(Beginning of Data provided)

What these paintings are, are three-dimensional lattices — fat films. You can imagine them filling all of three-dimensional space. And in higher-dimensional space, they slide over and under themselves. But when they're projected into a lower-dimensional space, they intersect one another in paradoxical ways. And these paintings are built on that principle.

(End of Data provided)
(Beginning of Data provided)

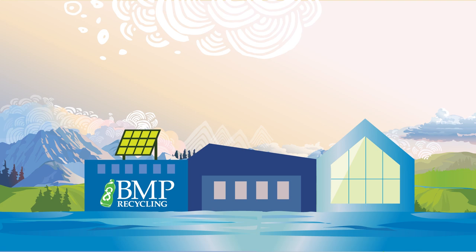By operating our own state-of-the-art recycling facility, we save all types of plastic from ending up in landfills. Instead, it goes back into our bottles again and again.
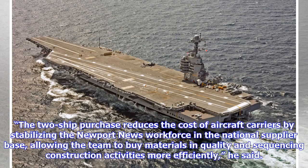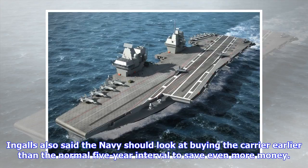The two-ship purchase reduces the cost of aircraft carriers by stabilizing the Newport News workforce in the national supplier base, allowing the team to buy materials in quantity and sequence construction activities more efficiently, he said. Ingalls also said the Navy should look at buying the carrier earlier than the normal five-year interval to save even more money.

(End of Data provided)
(Beginning of Data provided)

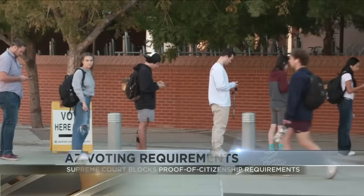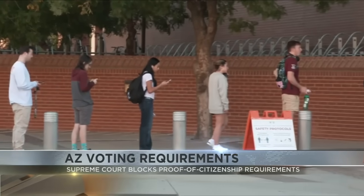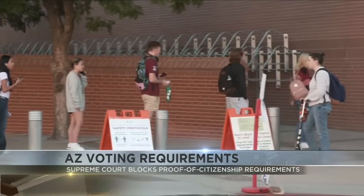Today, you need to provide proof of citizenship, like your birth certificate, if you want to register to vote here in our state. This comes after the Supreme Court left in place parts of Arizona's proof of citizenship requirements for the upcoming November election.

(End of Data provided)

Work instructions: Beginning with the line holding "By operating our" in the material above, restate word for word each line through the line holding "The two-ship purchase", and exclude pictures.

Exercise answer:
By operating our own state-of-the-art recycling facility, we save all types of plastic from ending up in landfills. Instead, it goes back into our bottles again and again.
The two-ship purchase reduces the cost of aircraft carriers by stabilizing the Newport News workforce in the national supplier base, allowing the team to buy materials in quantity and sequence construction activities more efficiently, he said. Ingalls also said the Navy should look at buying the carrier earlier than the normal five-year interval to save even more money.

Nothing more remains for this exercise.